▸ **WHAT THE TASK ASKS**
Write the entries out again exactly as they stand, but without the pictures.

▸ **EXTRACTED INFORMATION**

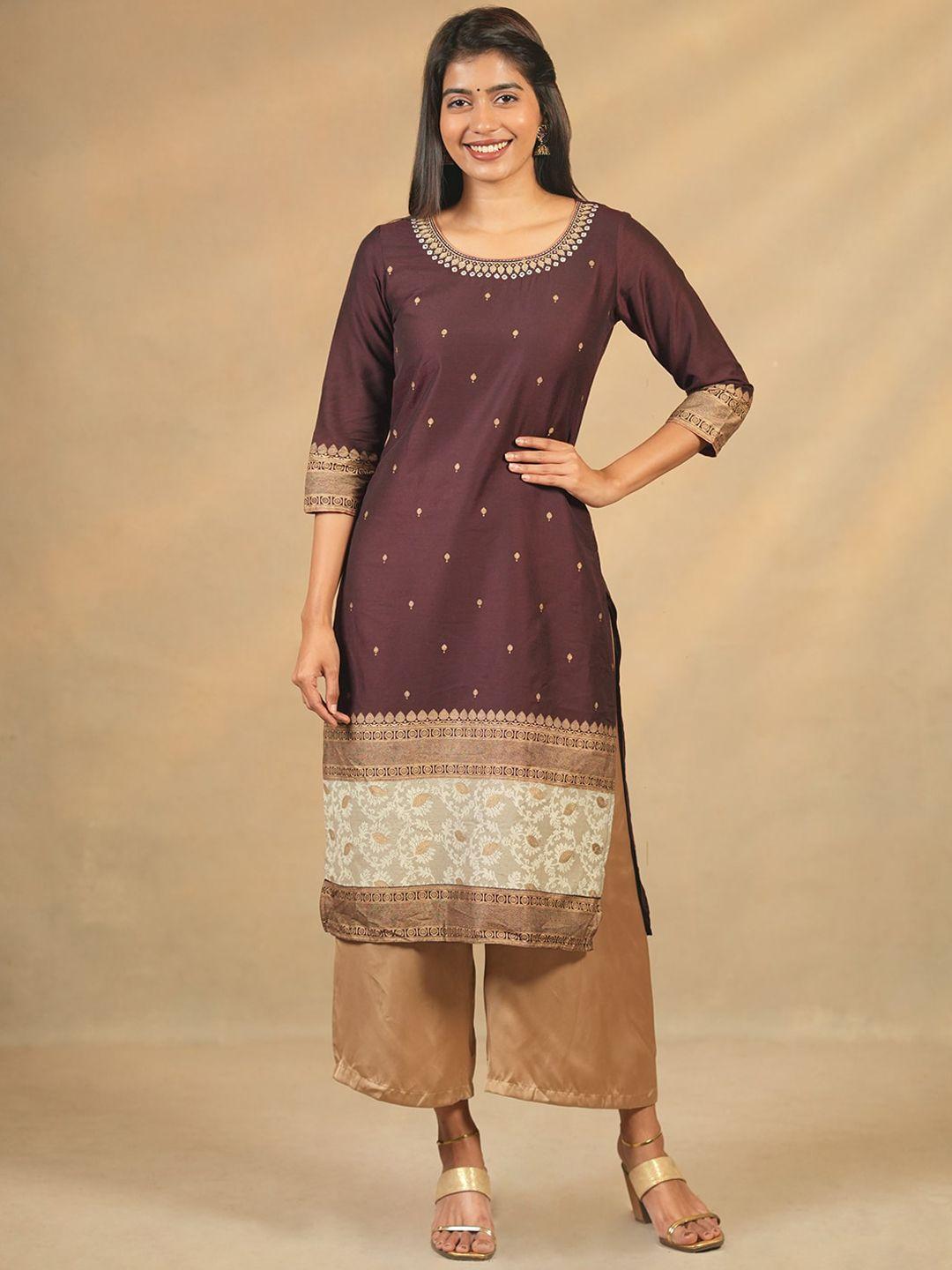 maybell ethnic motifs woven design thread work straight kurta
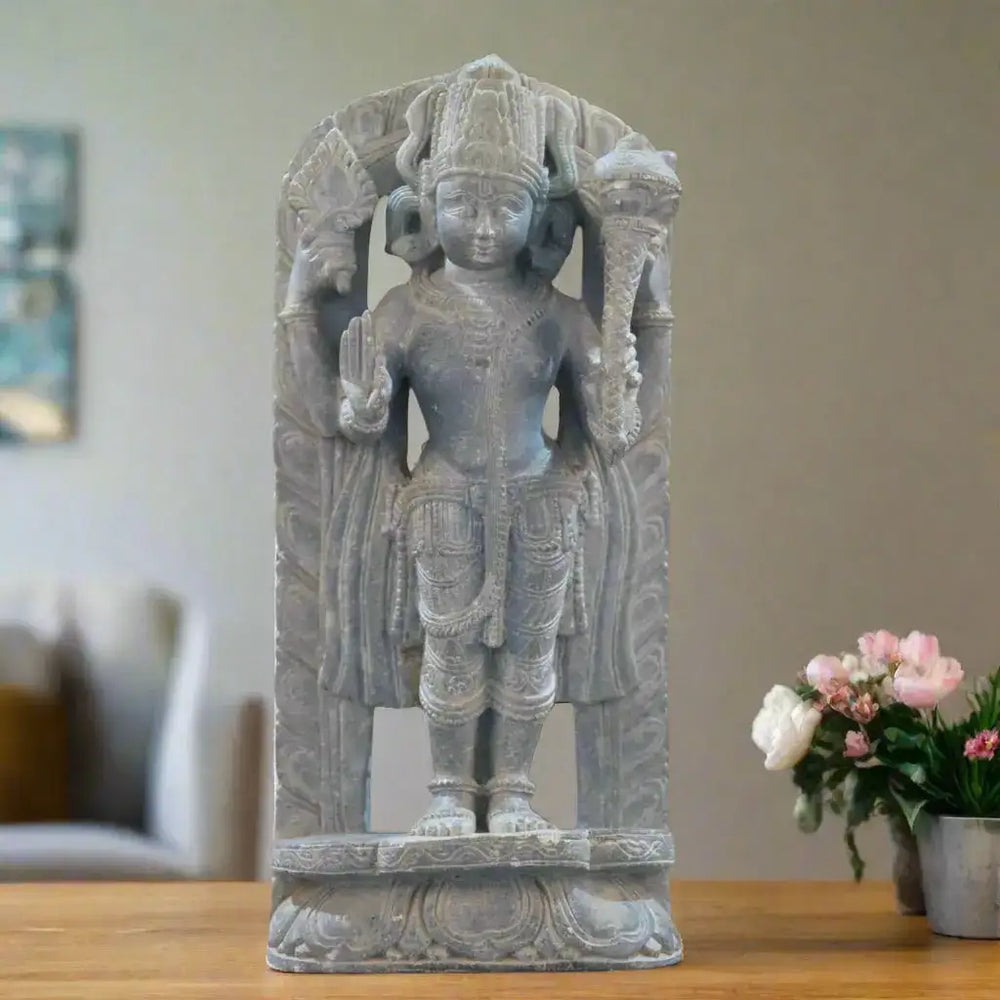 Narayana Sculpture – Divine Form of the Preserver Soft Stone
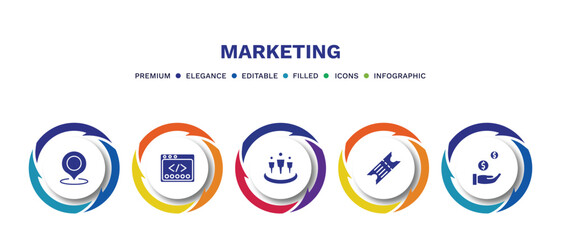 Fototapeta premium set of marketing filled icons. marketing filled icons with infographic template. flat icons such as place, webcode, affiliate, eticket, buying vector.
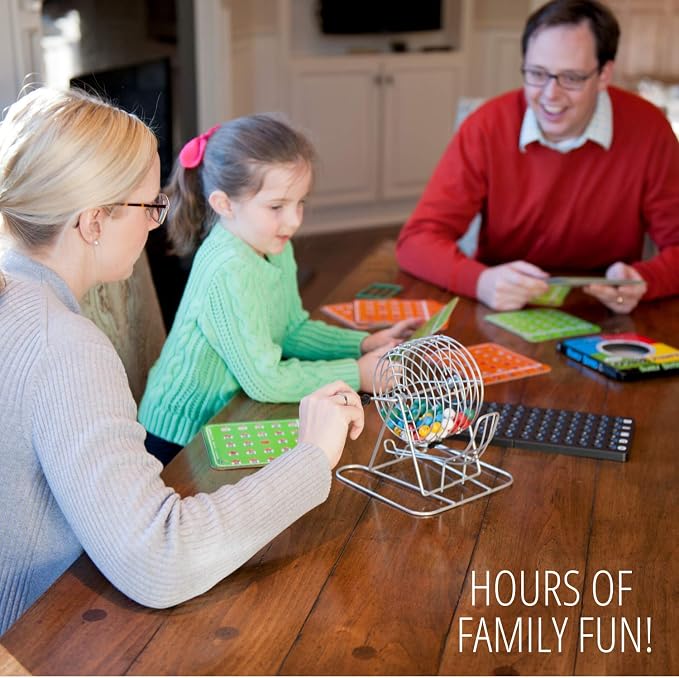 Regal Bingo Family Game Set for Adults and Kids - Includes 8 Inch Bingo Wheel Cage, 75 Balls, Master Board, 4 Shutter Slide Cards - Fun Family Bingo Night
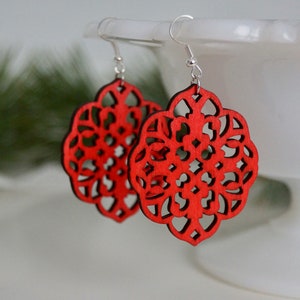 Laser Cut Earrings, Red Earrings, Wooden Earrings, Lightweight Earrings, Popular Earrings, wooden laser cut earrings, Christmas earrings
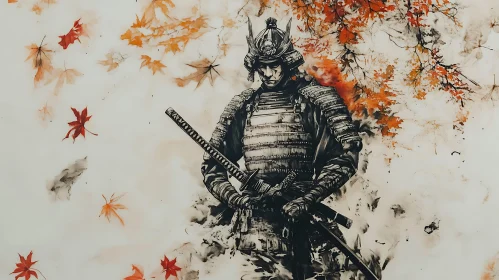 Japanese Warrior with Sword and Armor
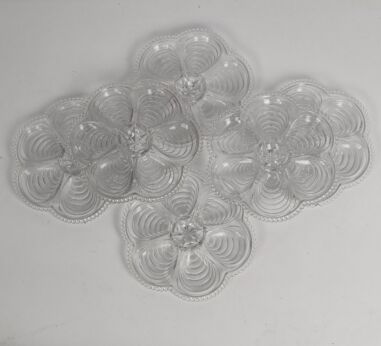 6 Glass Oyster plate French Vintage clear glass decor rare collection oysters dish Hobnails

▸ **RESPONSE AREA**
 maybell ethnic motifs woven design thread work straight kurta
 Narayana Sculpture – Divine Form of the Preserver Soft Stone
 Fototapeta premium set of marketing filled icons. marketing filled icons with infographic template. flat icons such as place, webcode, affiliate, eticket, buying vector.
 Regal Bingo Family Game Set for Adults and Kids - Includes 8 Inch Bingo Wheel Cage, 75 Balls, Master Board, 4 Shutter Slide Cards - Fun Family Bingo Night
 Laser Cut Earrings, Red Earrings, Wooden Earrings, Lightweight Earrings, Popular Earrings, wooden laser cut earrings, Christmas earrings
 Japanese Warrior with Sword and Armor
 6 Glass Oyster plate French Vintage clear glass decor rare collection oysters dish Hobnails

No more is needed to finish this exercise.